İhtiyarlığımız da aynen öyle olacak, evlatlarımızın, torunlarımızın desteğiyle geçireceğiz bu dönemi de.
Buraya kadar var mı bir itirazı olan, zavallılığımızı, acizliğimizi kabullenmeyen var mı?
Fakat bu iki dönemin arasında kendimizi bir halt zannettiğimiz bir merhale var ya, işte bu noktada birazcık durmalıyız. Kur’an insanoğlunun bu dönemine “istiğna dönemi” diyor. Kendisini kuvvetli zannettiği, her şeye gücünün yeteceğini zannettiği, hiç kimseye eyvallahının olmadığını düşündüğü dönem. Daha da ileri giderek tuğyan edip tağutlaştığı hatta ilahlığa yeltendiği bir dönem.

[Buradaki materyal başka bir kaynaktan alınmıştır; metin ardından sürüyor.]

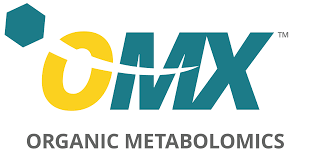 O que é metabolômica e por que ela está mudando a medicina preventiva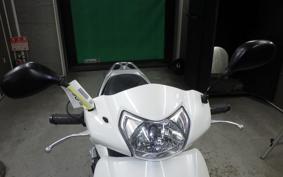 HONDA LEAD 110 JF19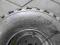 Felga AT19 x 7-8 ATV Dinli quad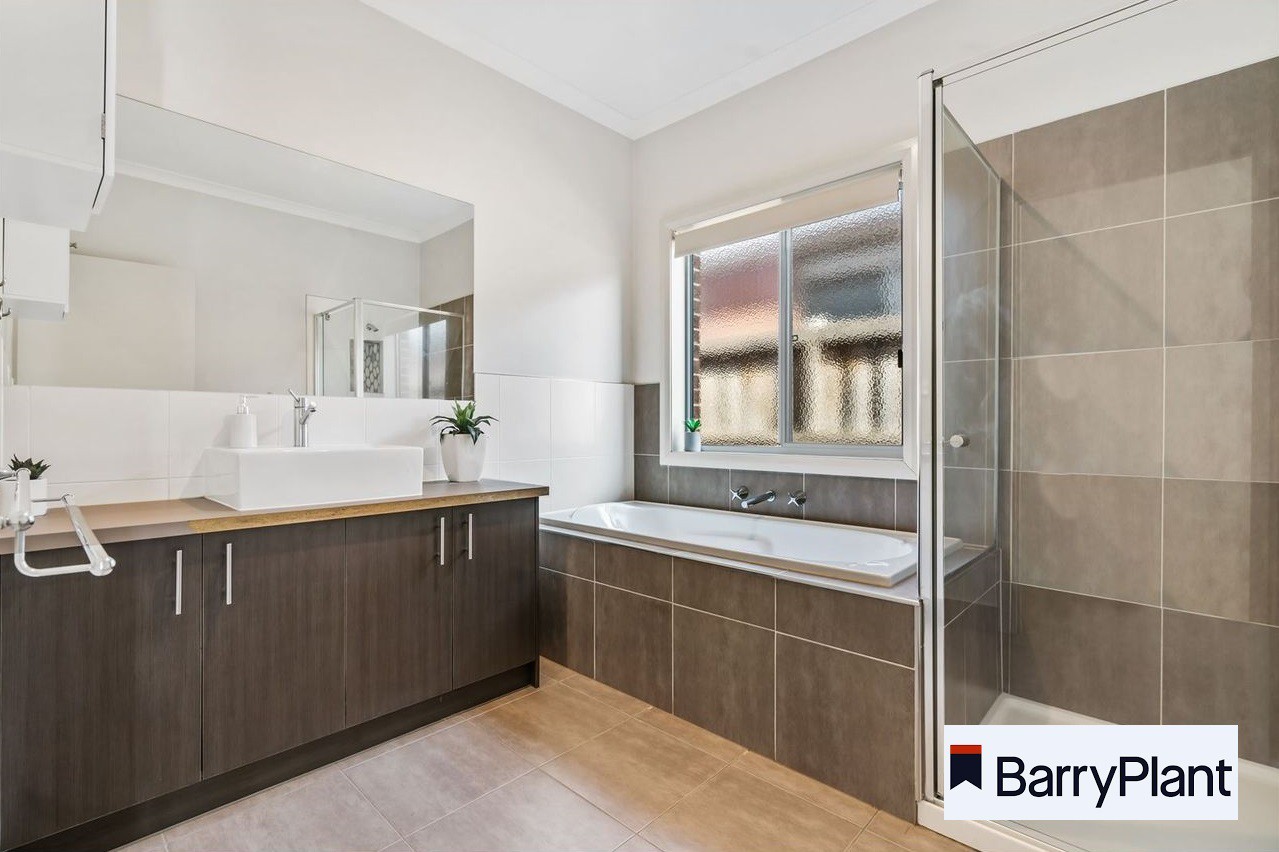 4 Twigrush PlaceBrookfield, VIC 3338, Brookfield - Thumbnail 6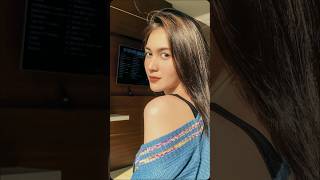 Download lagu DENIRA WIRAGUNA #shorts #indonesia #artist #cantik mp3 Download lagu DENIRA WIRAGUNA #shorts #indonesia #artist #cantik mp3
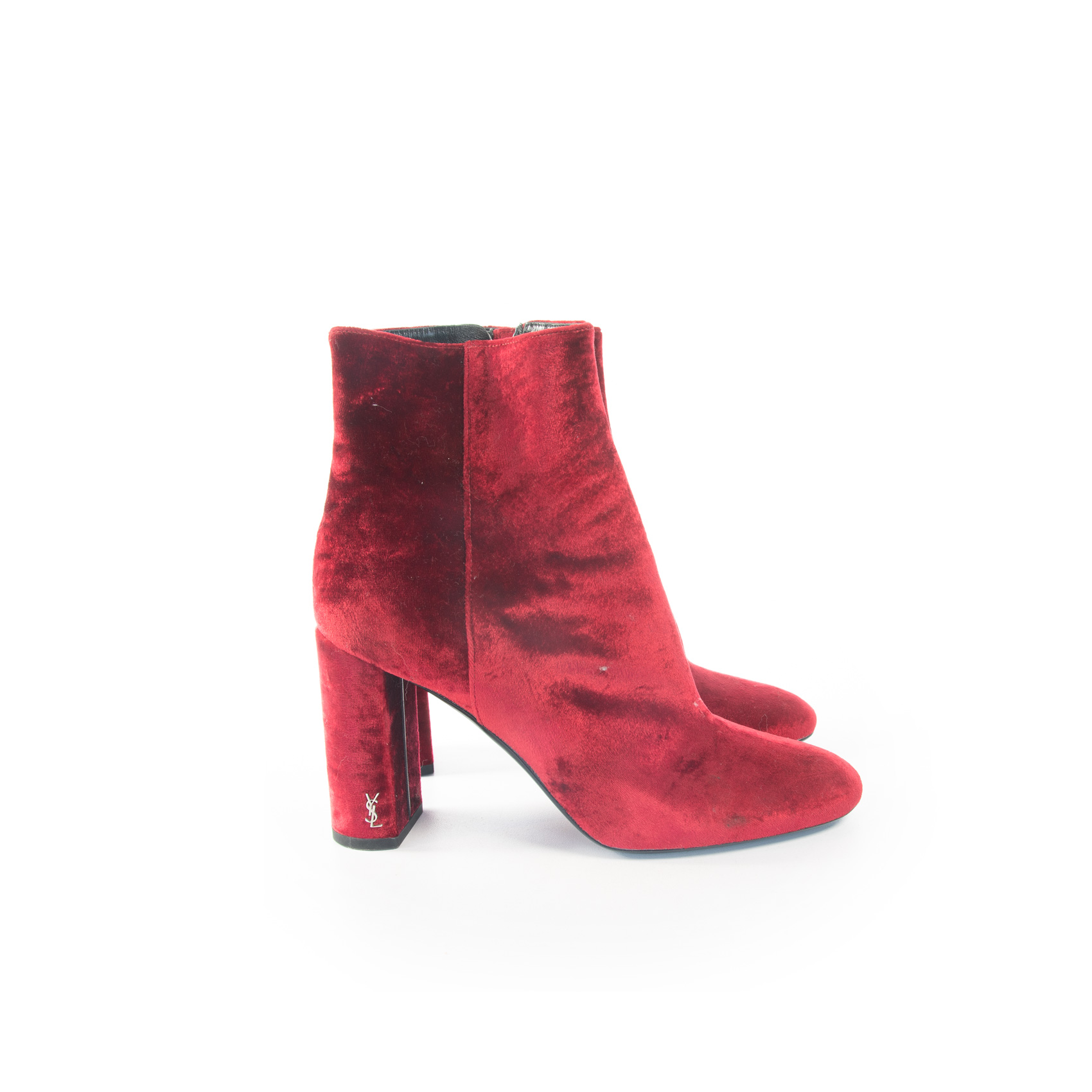 sl3755-side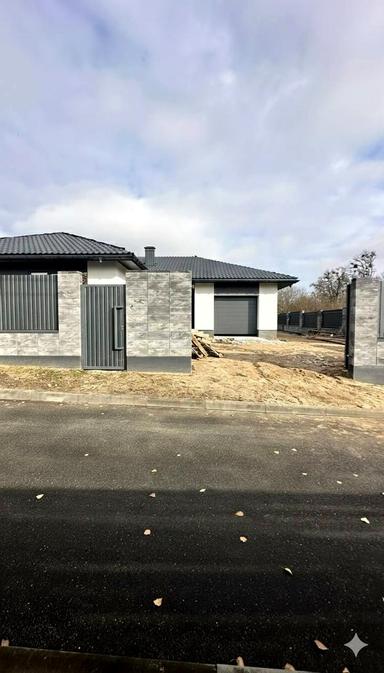 Будинок за адресою (площа 156 м²) - Atlanta.ua - фото 43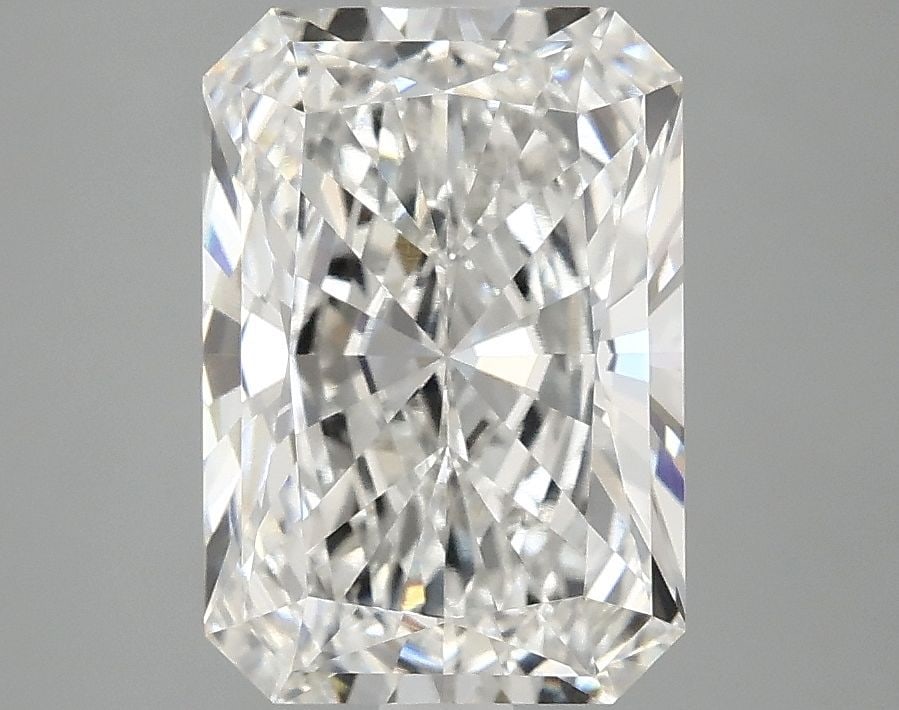 Loose Diamond - RADIANT 3.0ct F VVS2 (1 of 1)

Ne kadar gülünç öyle değil mi? Şu dünyada birkaç saniyelik alt yazı kadar cürmü olmayan insanoğlunu küstahlığına bir bakar mısınız? Özellikle kendisini Yaradana karşı sergilediği küstahlığa! Kendisini bir nutfeden yaratan Rabbine karşı çekişen bir hasım oluveriyor. (16/4, 36//78, 96/1-8)
Onun için diyorum ki, gelin biraz haddimizi bilelim, hatta çay seanslarımız olduğu gibi ‘haddimizi bilme seanslarımız’ olsun diyorum.
Sayısız hikmetinin yanında oruç tutmanın bir anlamının da insanoğlunun haddini bilme eğitimi olduğunu düşünüyorum.
Açlık ne müthiş bir terbiye! İnsanoğlu belirli bir müddet yiyip içmediğinde ölüp gidecek bir varlık olduğunu görmüyor mu acaba?
“Hz. İsa ve Hz. Meryem’e ulûhiyet isnat eden sapkınlara Rabbimizin “o ikisi de yiyip içerlerdi” (5/75) söylediğine bir bakar mısınız?
Haddini bilmeyen, azgınlaşan, tuğyan edip tağutlaşan insanların yeryüzünü nasıl fesada verdiğini hepimiz ibretle izliyoruz.